Zu viel Kunststoffabfall in Europa
Abfall. China importiert keinen Kunststoffmüll mehr, das bringt Europa Probleme: Der Preis für Recycle-Material ist um die Hälfte gefallen. Bei der Verbrennung wird es eng.
Es war ein Schritt, der viele westliche Nationen auf dem falschen Fuß erwischte. So gestand etwa der britische Umweltminister, Michael Gove, bereits im Jänner ein, dass die Regierung in London zu langsam realisiert habe, welche Probleme auf das Land zukämen. Denn mit Jahresanfang erließ die chinesische Führung überraschend ein vollständiges Importverbot für Kunststoffabfälle. Da manche europäische Länder wie Großbritannien oder Deutschland bis dahin gut die Hälfte ihres Plastikmülls nach China verschifft haben, ein großer Schock.
Auch Österreich ist von diesem Importstopp betroffen, wenn auch in geringerem Maß. „In Österreich fallen jährlich 230.000 Tonnen Kunststoffabfälle an. Etwa 35.000 Tonnen davon wurden nach China exportiert“, sagt Hans Roth, Gründer von Saubermacher und Präsident des Verbands der österreichischen Entsorgungsbetriebe.

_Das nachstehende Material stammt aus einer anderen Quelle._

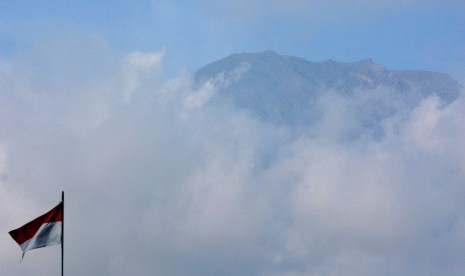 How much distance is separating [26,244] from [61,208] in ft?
11.5

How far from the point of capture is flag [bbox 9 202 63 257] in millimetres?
52531

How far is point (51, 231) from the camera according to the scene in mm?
53125

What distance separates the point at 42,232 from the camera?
2087 inches

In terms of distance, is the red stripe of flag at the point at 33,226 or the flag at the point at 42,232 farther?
the flag at the point at 42,232

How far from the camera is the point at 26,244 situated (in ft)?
173

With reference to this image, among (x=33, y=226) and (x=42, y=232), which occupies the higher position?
(x=33, y=226)

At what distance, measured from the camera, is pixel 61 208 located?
5228 centimetres

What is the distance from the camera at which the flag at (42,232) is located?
2068 inches

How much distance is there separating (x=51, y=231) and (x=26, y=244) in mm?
1841

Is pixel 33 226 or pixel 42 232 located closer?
pixel 33 226

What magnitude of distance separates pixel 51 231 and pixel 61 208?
2.04 meters

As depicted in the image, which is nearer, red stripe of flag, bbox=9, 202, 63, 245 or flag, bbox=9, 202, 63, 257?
red stripe of flag, bbox=9, 202, 63, 245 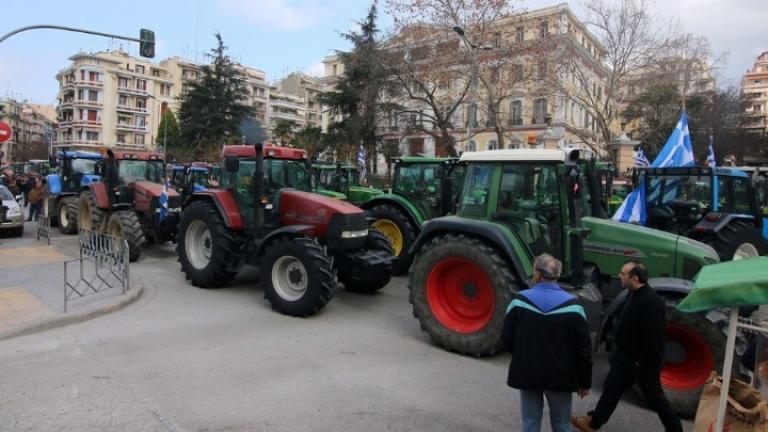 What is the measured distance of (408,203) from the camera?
11070mm

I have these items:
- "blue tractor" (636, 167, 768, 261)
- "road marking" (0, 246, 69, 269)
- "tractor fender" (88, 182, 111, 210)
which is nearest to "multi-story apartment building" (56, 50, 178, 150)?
"road marking" (0, 246, 69, 269)

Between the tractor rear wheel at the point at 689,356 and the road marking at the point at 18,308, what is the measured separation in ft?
25.0

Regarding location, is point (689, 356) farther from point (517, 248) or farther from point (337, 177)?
point (337, 177)

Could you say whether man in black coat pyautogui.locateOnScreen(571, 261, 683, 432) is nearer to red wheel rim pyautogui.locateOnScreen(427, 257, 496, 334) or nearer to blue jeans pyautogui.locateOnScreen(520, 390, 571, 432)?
blue jeans pyautogui.locateOnScreen(520, 390, 571, 432)

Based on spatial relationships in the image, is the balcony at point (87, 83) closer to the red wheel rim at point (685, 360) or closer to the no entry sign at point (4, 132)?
the no entry sign at point (4, 132)

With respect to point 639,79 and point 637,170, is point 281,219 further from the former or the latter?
point 639,79

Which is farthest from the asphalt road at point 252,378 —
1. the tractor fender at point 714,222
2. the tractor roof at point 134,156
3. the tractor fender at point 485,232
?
the tractor roof at point 134,156

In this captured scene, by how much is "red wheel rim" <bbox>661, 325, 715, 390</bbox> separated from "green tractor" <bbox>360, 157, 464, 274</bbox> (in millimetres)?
6136

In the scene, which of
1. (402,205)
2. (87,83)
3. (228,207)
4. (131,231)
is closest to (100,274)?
(228,207)

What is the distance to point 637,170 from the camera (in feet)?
35.0

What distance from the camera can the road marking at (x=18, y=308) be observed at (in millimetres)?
6879

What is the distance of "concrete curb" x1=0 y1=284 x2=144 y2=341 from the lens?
256 inches

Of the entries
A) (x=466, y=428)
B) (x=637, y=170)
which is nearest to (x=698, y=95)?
(x=637, y=170)

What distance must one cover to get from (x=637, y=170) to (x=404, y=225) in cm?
492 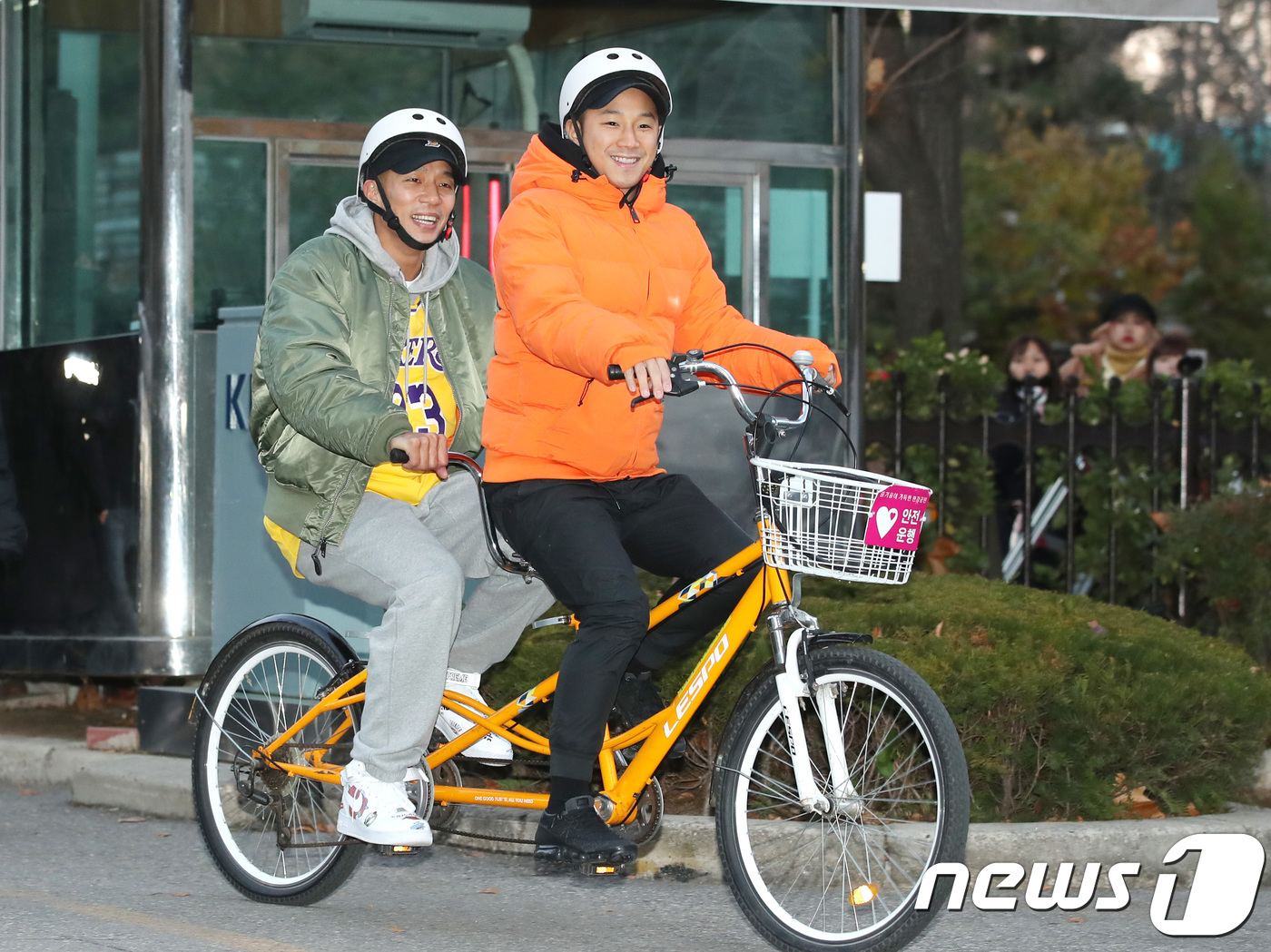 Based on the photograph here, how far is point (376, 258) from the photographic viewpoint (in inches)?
201

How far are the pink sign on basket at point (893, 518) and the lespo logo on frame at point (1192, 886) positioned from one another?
1.41 metres

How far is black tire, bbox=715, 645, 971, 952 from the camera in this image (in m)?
4.43

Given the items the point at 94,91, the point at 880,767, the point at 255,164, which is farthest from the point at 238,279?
the point at 880,767

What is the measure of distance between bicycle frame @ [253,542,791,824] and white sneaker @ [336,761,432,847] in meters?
0.19

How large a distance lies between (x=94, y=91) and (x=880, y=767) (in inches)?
207

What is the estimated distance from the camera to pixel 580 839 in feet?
15.3

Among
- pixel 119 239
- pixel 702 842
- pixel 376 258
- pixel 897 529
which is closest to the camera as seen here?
pixel 897 529

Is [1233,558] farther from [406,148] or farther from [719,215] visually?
[406,148]

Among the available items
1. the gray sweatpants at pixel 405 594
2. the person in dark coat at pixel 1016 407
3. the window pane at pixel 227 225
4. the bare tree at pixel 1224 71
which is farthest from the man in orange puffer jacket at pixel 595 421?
the bare tree at pixel 1224 71

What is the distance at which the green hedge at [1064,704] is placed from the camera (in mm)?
5867

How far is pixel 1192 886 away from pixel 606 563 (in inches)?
84.9

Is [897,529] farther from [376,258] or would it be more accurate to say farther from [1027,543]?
[1027,543]

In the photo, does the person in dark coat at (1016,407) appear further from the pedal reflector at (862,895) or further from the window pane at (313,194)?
the pedal reflector at (862,895)

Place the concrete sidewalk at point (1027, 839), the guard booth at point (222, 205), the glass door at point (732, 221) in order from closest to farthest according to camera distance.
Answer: the concrete sidewalk at point (1027, 839) < the guard booth at point (222, 205) < the glass door at point (732, 221) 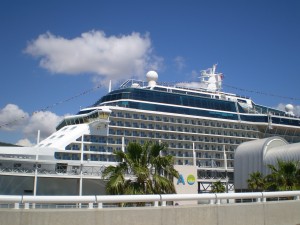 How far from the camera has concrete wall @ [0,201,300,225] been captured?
6508mm

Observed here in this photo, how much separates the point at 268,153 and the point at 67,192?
87.1 ft

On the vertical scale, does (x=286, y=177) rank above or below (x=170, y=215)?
above

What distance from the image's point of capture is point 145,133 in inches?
2382

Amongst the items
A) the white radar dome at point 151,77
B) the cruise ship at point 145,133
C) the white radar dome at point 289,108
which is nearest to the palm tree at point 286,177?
the cruise ship at point 145,133

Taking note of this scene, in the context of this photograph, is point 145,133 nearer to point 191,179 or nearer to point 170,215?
point 191,179

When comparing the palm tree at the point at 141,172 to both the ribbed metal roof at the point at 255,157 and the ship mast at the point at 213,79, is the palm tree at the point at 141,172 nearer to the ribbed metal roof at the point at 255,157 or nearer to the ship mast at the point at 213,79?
the ribbed metal roof at the point at 255,157

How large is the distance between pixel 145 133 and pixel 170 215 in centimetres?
5308

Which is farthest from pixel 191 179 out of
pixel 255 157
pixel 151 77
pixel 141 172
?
pixel 151 77

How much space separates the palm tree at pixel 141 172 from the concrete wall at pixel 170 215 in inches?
259

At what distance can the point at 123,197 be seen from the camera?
723 centimetres

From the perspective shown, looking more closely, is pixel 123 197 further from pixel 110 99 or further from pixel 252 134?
pixel 252 134

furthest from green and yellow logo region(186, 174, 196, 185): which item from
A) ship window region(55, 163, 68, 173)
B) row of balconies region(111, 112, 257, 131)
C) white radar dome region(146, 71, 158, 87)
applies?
white radar dome region(146, 71, 158, 87)

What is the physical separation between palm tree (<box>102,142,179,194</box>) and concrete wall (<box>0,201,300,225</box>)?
6578 millimetres

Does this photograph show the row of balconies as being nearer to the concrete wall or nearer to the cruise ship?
the cruise ship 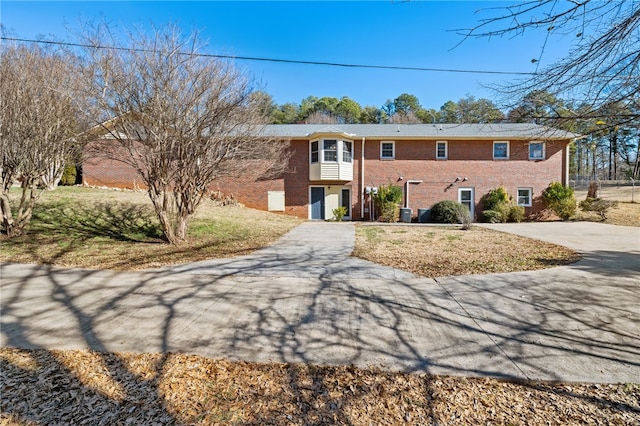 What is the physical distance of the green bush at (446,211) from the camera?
16.9 meters

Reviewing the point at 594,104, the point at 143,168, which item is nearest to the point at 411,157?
the point at 143,168

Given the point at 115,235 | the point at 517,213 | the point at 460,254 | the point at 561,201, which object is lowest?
the point at 460,254

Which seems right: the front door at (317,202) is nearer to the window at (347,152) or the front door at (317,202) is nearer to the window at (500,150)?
the window at (347,152)

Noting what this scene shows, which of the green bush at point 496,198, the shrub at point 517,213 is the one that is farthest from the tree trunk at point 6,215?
the shrub at point 517,213

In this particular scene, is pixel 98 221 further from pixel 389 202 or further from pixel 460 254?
pixel 389 202

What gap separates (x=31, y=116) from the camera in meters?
7.30

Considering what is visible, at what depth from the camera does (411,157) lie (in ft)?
62.0

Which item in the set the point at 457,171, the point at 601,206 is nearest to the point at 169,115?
the point at 457,171

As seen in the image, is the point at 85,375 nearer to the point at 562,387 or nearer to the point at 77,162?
the point at 562,387

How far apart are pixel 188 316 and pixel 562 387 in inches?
149

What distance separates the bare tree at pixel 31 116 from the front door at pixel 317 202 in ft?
40.6

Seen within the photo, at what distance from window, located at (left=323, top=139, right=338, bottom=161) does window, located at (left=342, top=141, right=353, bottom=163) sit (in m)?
0.49

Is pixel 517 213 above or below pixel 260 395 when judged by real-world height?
above

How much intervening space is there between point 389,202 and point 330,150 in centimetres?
456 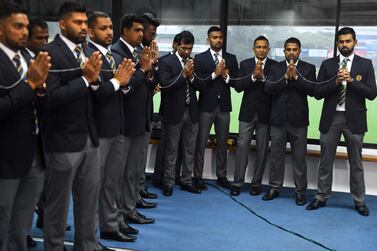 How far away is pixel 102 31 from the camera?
2.86 metres

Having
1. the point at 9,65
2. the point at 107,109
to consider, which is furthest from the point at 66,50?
the point at 107,109

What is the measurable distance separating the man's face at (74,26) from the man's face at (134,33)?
80cm

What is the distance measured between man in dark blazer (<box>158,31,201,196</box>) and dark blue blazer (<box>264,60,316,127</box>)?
31.8 inches

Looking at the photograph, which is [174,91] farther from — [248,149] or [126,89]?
[126,89]

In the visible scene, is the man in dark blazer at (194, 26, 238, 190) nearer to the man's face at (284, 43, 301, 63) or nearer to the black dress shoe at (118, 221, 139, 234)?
the man's face at (284, 43, 301, 63)

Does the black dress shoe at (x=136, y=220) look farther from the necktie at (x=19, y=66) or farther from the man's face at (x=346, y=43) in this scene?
the man's face at (x=346, y=43)

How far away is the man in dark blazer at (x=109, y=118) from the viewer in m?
2.85

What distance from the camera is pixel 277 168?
4578 millimetres

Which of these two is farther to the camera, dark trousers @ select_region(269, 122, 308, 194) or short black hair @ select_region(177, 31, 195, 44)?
dark trousers @ select_region(269, 122, 308, 194)

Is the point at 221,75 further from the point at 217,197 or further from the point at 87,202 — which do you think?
the point at 87,202

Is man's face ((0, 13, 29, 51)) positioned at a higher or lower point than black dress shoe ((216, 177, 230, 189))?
higher

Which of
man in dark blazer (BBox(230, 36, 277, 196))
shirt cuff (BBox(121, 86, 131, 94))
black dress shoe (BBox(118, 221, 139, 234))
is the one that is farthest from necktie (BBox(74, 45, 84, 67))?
man in dark blazer (BBox(230, 36, 277, 196))

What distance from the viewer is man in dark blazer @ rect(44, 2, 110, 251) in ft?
7.95

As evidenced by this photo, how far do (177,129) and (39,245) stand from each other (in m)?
1.87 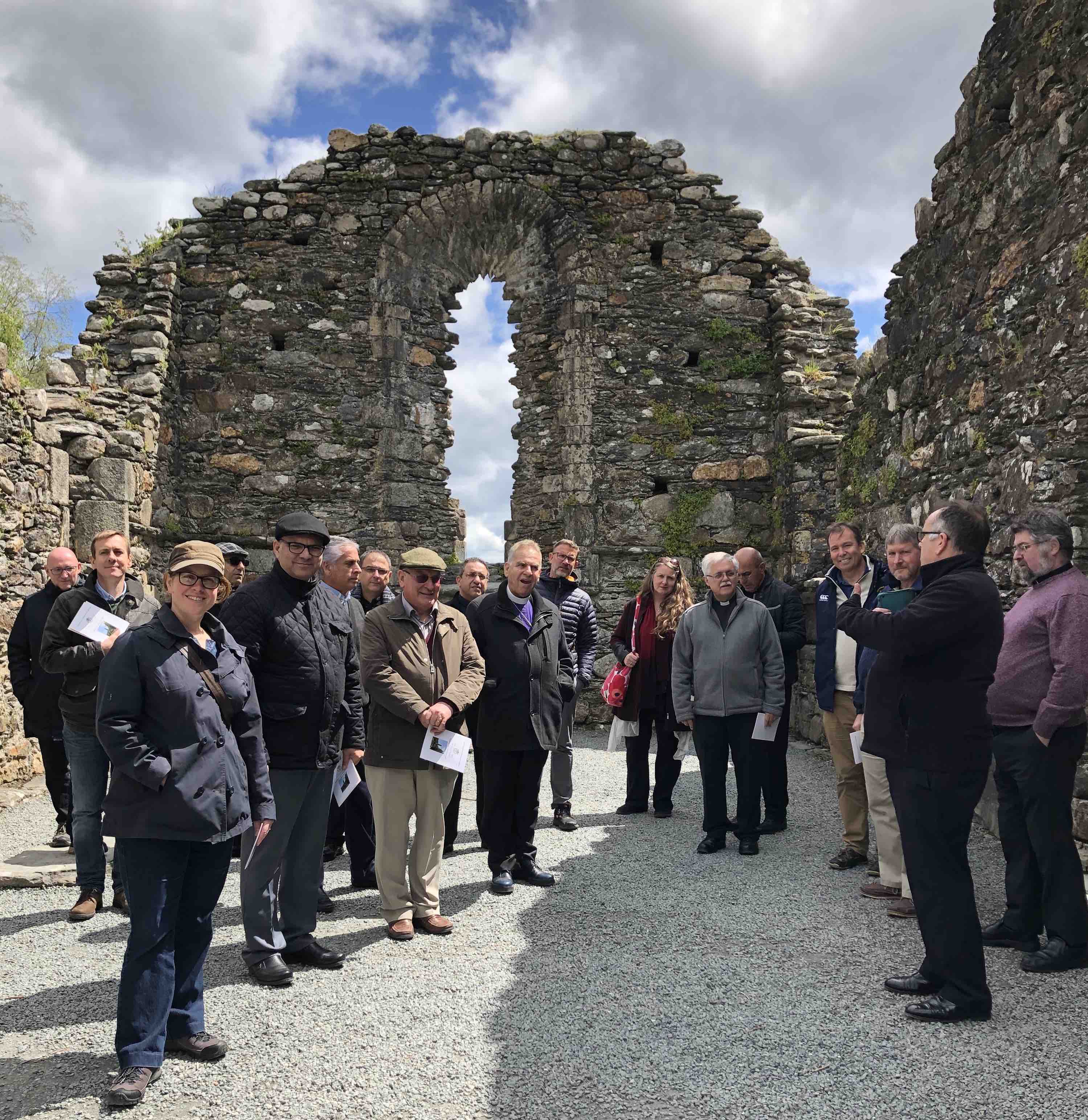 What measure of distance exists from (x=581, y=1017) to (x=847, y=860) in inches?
97.4

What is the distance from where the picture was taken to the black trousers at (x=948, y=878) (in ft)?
10.6

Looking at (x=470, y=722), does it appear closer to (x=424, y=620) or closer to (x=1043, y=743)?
(x=424, y=620)

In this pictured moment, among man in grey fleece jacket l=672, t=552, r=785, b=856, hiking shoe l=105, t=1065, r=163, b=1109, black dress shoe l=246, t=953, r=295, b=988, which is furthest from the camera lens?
man in grey fleece jacket l=672, t=552, r=785, b=856

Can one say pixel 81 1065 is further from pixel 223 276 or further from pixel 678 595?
pixel 223 276

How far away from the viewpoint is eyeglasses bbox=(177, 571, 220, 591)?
3.01 m

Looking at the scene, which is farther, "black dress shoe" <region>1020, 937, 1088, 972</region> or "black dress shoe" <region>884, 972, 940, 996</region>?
"black dress shoe" <region>1020, 937, 1088, 972</region>

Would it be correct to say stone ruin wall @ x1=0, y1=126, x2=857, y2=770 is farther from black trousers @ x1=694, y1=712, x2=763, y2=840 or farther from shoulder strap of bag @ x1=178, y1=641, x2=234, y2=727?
shoulder strap of bag @ x1=178, y1=641, x2=234, y2=727

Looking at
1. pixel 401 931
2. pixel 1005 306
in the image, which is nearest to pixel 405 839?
pixel 401 931

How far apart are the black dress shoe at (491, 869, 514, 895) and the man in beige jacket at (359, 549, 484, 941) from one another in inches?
18.0

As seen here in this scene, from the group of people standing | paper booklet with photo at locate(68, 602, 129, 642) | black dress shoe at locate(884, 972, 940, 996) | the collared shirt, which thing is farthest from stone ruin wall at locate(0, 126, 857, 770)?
black dress shoe at locate(884, 972, 940, 996)

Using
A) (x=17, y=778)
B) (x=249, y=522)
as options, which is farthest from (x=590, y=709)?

Dennoch spürt auch die heimische Wirtschaft die Auswirkungen – in Form eines drastischen Preisverfalls für Recycle-Material.
„Die Preise auf dem Markt sind in wenigen Wochen um mehr als 50 Prozent gefallen“, so Roth weiter. Erhielt man vor einem Jahr für transparente Folien – die höchste Qualität bei Kunststoffabfällen – noch 600 Euro je Tonne, sind es inzwischen nur mehr 200 Euro. Bei bunten Folien waren es vor einem Jahr noch 250 Euro. „Heute bekommt man dafür gar nichts mehr.“
Die Leidtragenden sind in erster Linie jene Industriebetriebe, bei denen der Kunststoffabfall anfällt. Denn diese konnten ihn bis vor Kurzem noch um gutes Geld an die Entsorger verkaufen. Nun bricht dieses Geschäft weg. Aber auch die Entsorger kommen zunehmend unter Druck, während die Recyclingfirmen bislang profitieren. Denn noch können sie für ihre Produkte gute Preise verlangen, während sie für ihre Rohstoffe fast nichts mehr bezahlen müssen.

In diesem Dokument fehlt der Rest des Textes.